Task requirements
Skip the pictures. Copy all the rest of the records down exactly.

Available records
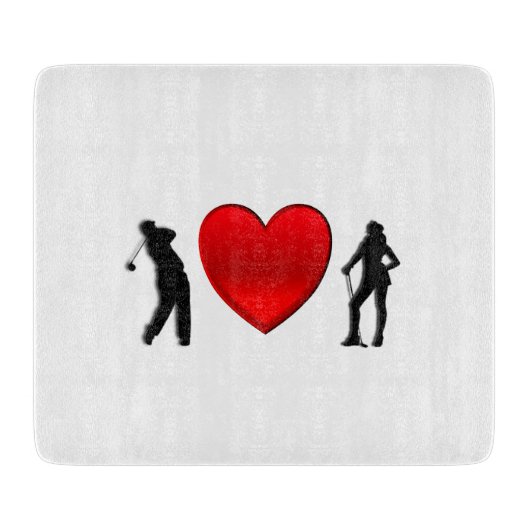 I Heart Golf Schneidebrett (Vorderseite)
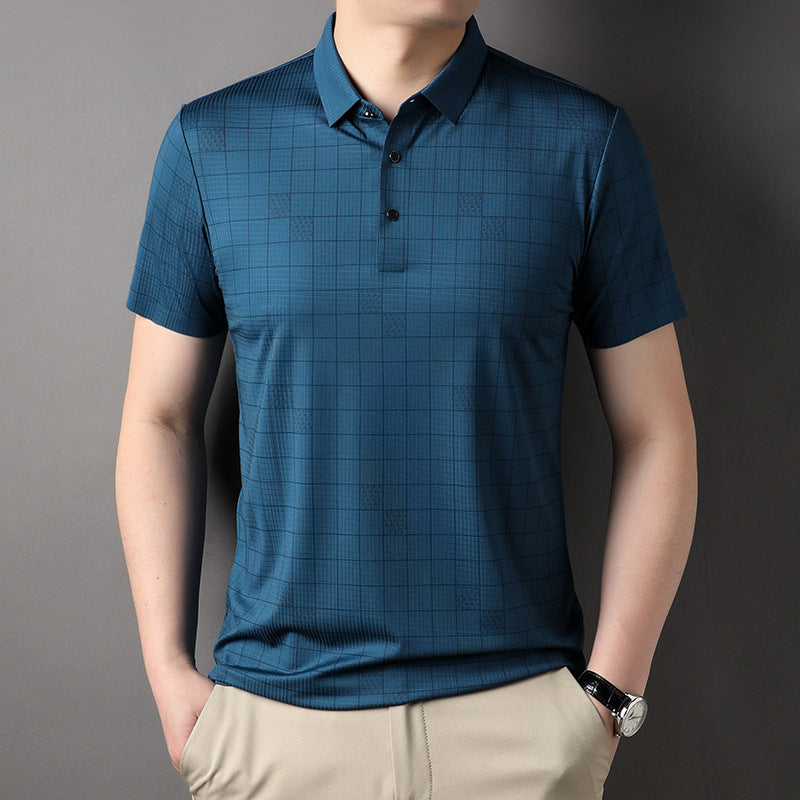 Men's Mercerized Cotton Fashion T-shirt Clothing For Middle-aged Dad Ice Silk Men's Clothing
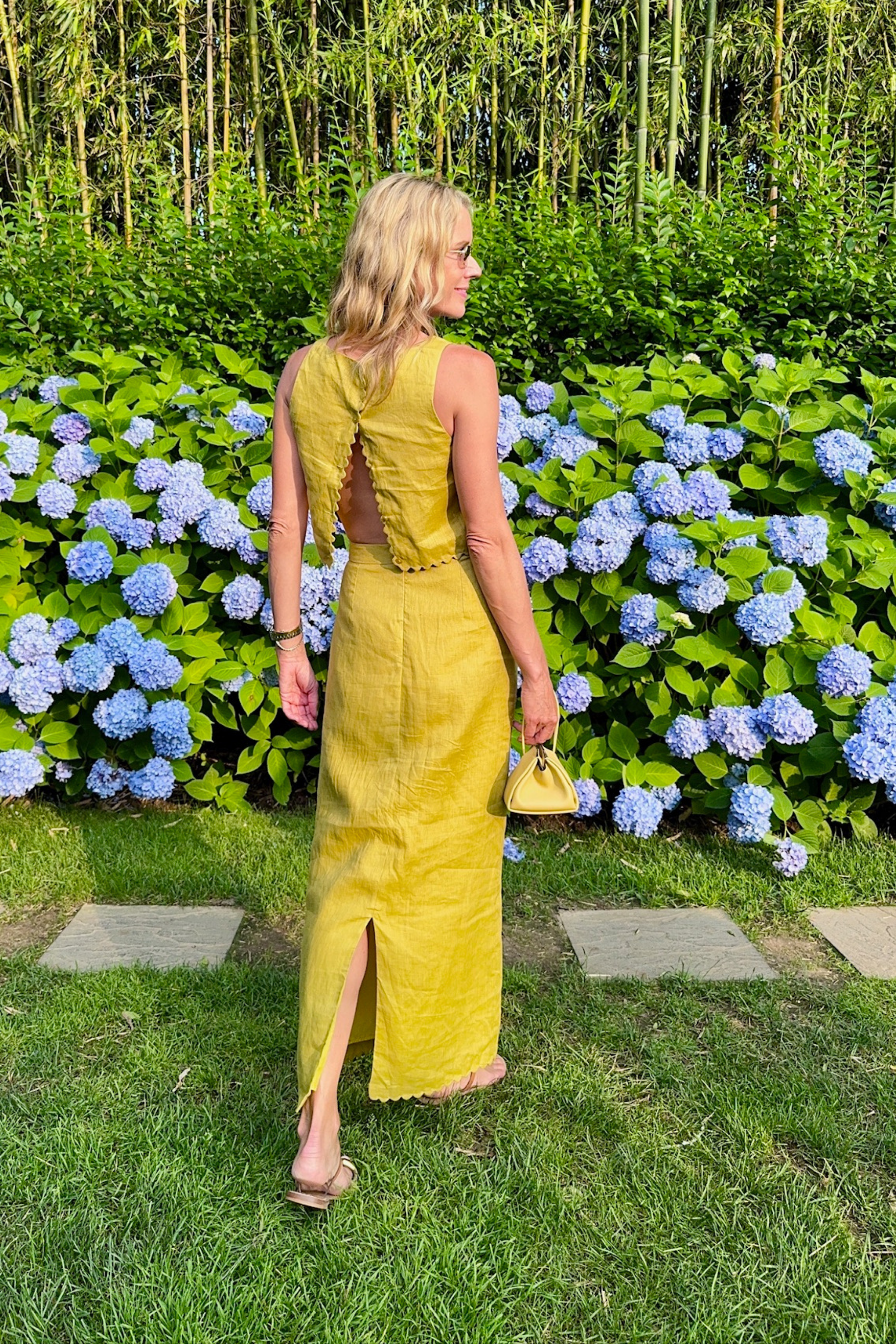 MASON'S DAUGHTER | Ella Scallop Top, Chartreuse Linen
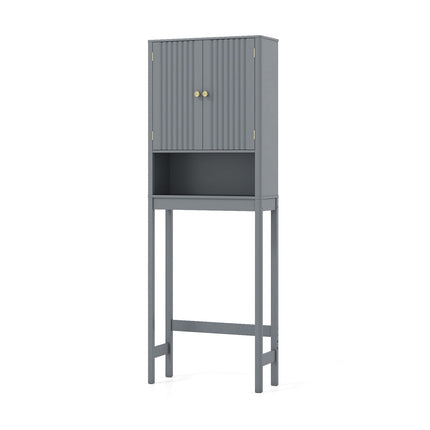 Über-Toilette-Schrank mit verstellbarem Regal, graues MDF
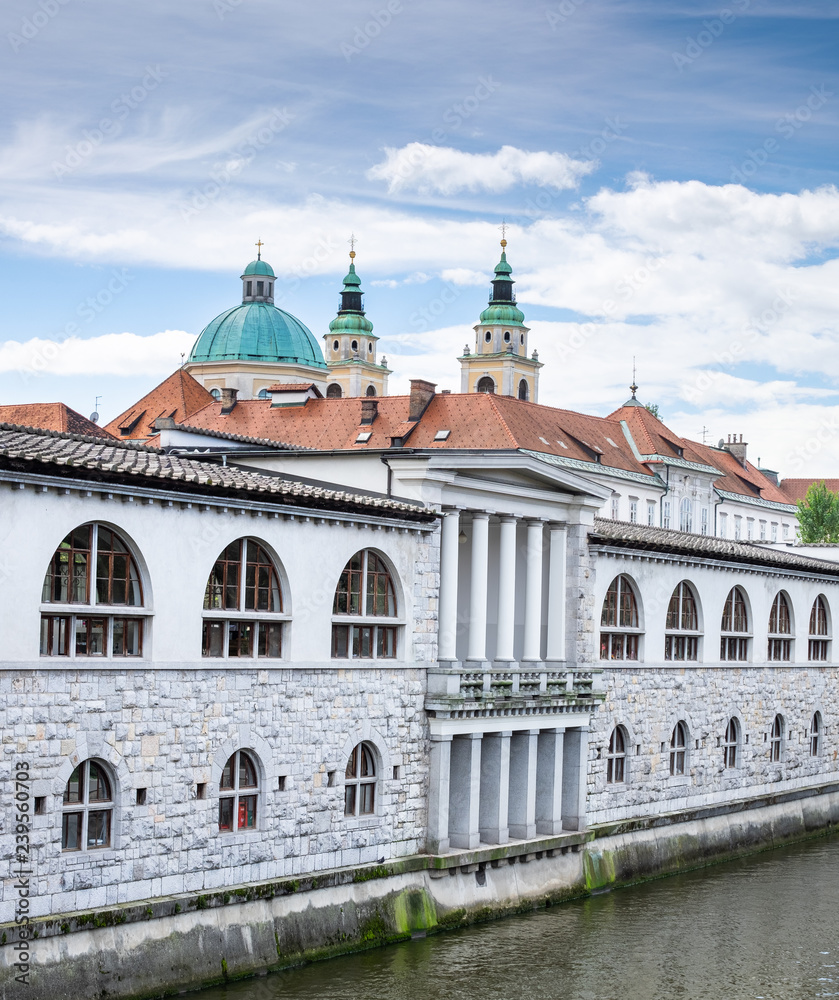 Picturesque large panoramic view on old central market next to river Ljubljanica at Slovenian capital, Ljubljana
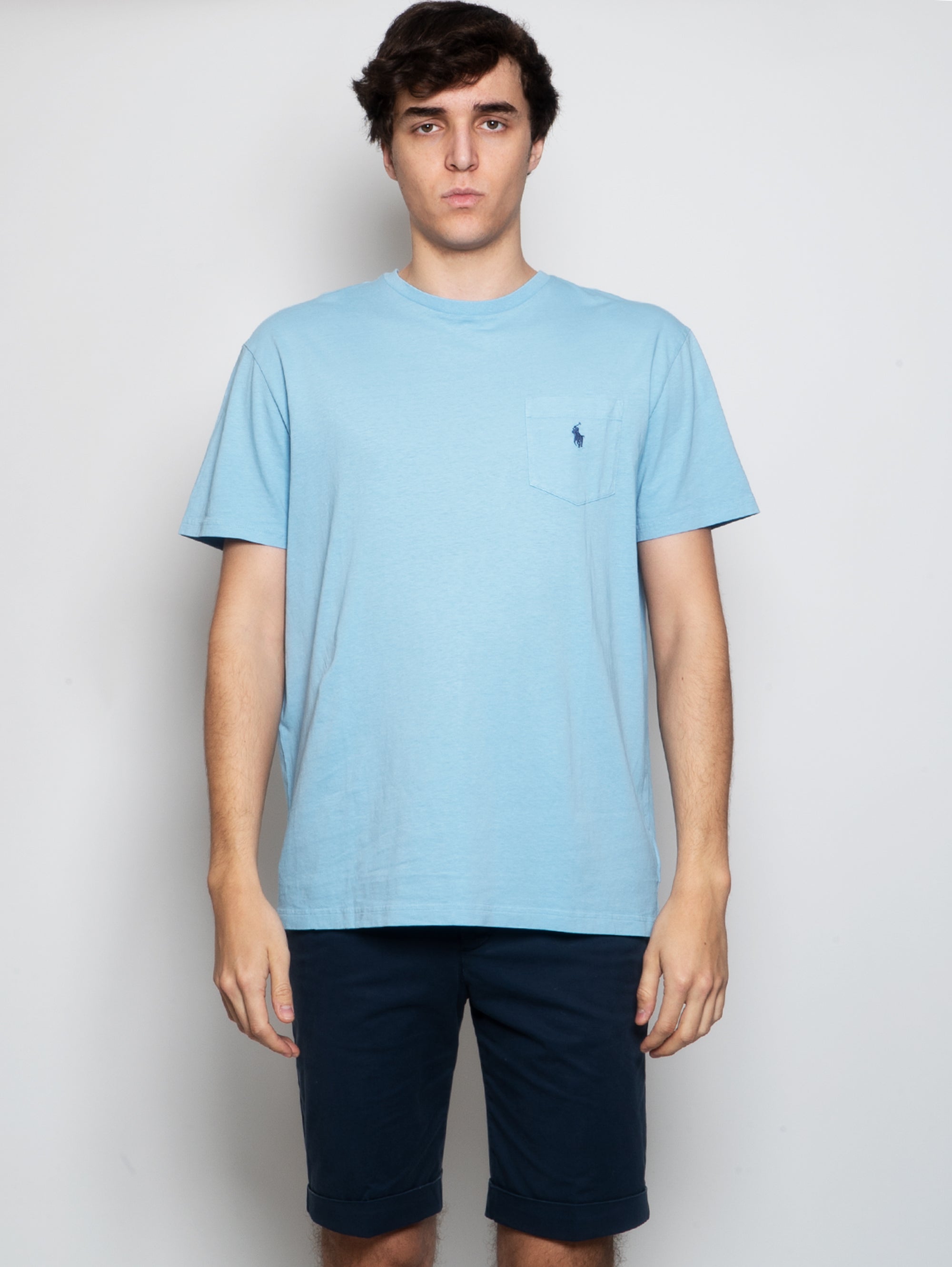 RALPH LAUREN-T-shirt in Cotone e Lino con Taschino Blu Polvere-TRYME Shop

Answer to the problem
 I Heart Golf Schneidebrett (Vorderseite)
 Men's Mercerized Cotton Fashion T-shirt Clothing For Middle-aged Dad Ice Silk Men's Clothing
 MASON'S DAUGHTER | Ella Scallop Top, Chartreuse Linen
 Über-Toilette-Schrank mit verstellbarem Regal, graues MDF
 Picturesque large panoramic view on old central market next to river Ljubljanica at Slovenian capital, Ljubljana
 RALPH LAUREN-T-shirt in Cotone e Lino con Taschino Blu Polvere-TRYME Shop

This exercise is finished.